Author: Bruce Paterson
Published by Matador
ISBN: 9781789013 566

Review by Steve Hirschhorn

English from Afar is an odd ball! It has around 150 pages divided into 2 parts having 35 Chapters with titles such as: ‘Why Learn English’, ‘What is Communication’, ‘Do We Need to be Perfect?’, ‘Working an Audience’ and so on.

Book Review: English from Afar

It’s not a language learning book, it’s not designed to give advice to teachers, it’s not even a phrase book for learners, it’s something quite different and rather interestingly quirky! The author calls his book ‘a reference’ and notes that his approach to language learning focuses on the success of one’s communications rather than the syntactical accuracy or number of words a learner might have. In this, he is surely in line with many contemporary English language teachers.

Although Bruce Paterson describes this work as a reference, it’s difficult to pop in and out as one would expect with an actual reference book. It’s far too discursive, a story, a narrative, it’s ordered anarchy! I mean this in the nicest possible way; the fact is that once you start to read English from Afar, you’ll probably have to continue, rather like when reading a good novel, you’ll want to know where the author is going to take you next. In contrast, a reference book is something you pick up, look up and put down! The key really is that English from Afar has no list of references nor bibliography, and neither does it need them since it’s a book written from experience of life, professional know-how and a wealth of familiarity with all kinds of contexts.

Let’s take a chapter or two at random and see what awaits us therein.

The first chapter I arrived at is called ‘Inference’. It is a very short chapter indeed and promotes the notion that we need to learn to ‘infer’ when we meet an L2 term we don’t know and that indeed that’s what we do in L1 in any case. That we train ourselves to glean meaning from the context around previously unknown items seems to be good advice, something all learners can benefit from. For this reason, it might have been useful to offer some tips and tricks to guide learners on inference strategies. The logic required for inference to work combines with the confidence to allow oneself to take a risk and assume one is right while also seeking evidence for one’s inference later in the discourse, whether spoken or written. The author doesn’t touch on this and my feeling is that it might have been useful for readers to receive a little more direction in order to hone their skills.
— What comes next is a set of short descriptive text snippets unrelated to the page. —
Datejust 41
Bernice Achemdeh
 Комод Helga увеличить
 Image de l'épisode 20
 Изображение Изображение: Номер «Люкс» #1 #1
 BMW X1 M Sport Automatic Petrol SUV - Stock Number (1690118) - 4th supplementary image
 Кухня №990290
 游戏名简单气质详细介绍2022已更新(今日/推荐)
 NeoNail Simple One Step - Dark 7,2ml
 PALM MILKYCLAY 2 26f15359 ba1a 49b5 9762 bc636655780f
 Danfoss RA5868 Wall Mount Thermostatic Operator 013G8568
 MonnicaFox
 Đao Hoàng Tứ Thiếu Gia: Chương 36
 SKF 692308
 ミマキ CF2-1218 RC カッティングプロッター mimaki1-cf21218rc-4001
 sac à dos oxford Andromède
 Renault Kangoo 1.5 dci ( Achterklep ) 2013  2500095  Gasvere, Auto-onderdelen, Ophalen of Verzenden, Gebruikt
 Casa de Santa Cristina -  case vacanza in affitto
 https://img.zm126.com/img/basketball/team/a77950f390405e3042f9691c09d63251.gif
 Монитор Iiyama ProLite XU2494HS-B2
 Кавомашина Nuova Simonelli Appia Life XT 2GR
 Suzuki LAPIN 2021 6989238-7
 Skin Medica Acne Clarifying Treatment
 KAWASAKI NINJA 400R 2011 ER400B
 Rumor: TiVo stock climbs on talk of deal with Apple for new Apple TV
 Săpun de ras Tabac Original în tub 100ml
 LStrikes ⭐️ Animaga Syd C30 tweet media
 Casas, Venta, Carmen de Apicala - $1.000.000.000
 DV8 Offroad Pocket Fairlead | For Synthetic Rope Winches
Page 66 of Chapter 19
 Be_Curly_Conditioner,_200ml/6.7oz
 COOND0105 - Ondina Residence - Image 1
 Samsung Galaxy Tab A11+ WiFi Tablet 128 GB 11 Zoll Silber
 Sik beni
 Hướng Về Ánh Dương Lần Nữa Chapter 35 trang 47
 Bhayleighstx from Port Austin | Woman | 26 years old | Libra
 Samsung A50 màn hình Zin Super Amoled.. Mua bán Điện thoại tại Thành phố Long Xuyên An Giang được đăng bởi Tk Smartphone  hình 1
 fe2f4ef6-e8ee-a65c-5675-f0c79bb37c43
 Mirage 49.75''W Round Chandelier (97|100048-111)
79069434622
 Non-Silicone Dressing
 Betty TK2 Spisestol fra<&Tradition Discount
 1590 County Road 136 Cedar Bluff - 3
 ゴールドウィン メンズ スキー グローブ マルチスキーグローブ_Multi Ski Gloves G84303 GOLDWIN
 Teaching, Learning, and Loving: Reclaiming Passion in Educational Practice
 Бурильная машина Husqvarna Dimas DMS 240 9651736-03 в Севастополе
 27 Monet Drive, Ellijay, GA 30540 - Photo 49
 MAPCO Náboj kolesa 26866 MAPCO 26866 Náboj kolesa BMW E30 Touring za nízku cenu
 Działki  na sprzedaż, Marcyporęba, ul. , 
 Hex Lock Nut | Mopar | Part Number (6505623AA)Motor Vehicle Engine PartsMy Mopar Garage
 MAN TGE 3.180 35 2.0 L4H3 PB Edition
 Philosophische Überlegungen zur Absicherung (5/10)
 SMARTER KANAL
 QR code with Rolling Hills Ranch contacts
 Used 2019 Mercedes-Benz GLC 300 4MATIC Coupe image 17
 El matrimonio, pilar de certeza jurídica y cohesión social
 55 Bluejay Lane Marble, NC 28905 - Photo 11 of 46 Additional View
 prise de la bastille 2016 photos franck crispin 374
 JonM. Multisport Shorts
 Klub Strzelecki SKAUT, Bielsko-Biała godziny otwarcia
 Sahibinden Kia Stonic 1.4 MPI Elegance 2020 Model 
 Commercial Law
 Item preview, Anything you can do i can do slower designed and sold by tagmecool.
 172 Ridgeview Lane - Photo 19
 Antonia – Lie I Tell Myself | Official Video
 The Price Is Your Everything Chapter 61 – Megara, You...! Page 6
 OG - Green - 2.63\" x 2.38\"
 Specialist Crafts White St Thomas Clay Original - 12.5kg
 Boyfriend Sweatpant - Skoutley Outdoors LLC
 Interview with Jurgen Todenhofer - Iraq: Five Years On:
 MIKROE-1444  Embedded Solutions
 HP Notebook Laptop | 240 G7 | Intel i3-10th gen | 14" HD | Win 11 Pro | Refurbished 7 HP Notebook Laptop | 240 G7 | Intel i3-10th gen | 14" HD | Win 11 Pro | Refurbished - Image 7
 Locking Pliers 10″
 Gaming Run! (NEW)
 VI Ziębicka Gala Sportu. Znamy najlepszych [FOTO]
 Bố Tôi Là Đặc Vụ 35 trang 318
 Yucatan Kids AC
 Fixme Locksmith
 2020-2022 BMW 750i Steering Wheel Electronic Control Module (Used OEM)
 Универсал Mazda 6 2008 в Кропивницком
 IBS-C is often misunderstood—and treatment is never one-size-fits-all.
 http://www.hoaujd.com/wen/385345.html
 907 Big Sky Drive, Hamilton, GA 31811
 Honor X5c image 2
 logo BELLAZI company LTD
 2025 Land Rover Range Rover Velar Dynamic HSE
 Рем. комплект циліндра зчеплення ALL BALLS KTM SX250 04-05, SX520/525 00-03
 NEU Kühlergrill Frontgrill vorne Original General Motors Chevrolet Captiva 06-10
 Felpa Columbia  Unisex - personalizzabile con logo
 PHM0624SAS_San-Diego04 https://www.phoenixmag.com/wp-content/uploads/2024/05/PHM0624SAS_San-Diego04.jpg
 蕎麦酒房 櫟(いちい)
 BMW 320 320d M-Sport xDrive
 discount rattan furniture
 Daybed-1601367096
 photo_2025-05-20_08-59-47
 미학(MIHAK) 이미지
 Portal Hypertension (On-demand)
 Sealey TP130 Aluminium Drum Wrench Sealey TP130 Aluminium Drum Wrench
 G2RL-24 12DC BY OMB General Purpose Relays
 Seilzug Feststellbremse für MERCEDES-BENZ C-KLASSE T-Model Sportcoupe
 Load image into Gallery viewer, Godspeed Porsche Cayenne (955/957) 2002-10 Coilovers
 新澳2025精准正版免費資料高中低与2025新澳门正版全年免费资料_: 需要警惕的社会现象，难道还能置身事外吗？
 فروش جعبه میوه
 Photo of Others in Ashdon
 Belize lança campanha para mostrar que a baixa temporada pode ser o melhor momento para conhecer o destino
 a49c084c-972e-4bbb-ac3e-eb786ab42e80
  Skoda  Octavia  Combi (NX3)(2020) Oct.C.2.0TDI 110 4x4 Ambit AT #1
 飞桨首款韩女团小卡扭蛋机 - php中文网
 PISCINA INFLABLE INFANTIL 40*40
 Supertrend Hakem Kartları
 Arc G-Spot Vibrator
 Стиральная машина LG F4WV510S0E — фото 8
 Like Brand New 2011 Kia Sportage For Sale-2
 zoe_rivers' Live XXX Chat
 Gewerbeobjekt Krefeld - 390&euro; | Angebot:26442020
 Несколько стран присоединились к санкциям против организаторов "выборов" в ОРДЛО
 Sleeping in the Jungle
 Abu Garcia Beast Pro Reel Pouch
The second chapter selected at random was Chapter 32, entitled: Humour. It is quite well known and perhaps axiomatic that using humour in an L2 is difficult and full of potential danger since there are cultural differences as well as the obvious difficulty of finding the right words! Bruce Paterson explains this admirably, even managing to work in a couple of amusing anecdotes as illustrations. He makes the valid points that using humour whether in L1 or L2 requires skill in terms of timing, linguistic aptitude and the ability to gauge one’s audience all of which should be managed with extreme care to avoid potential embarrassment and abject failure!

This almost uncategorisable work is well written, amusing, engaging and informative. My feeling is that teachers will enjoy it since it reflects much of what they encounter on a day to day basis; language learners will also enjoy it because it offers well established advice based on the author’s considerable experiences as a learner and teacher. As such, this book would make a great present and an amusing ‘hand-around’ for a school staff room.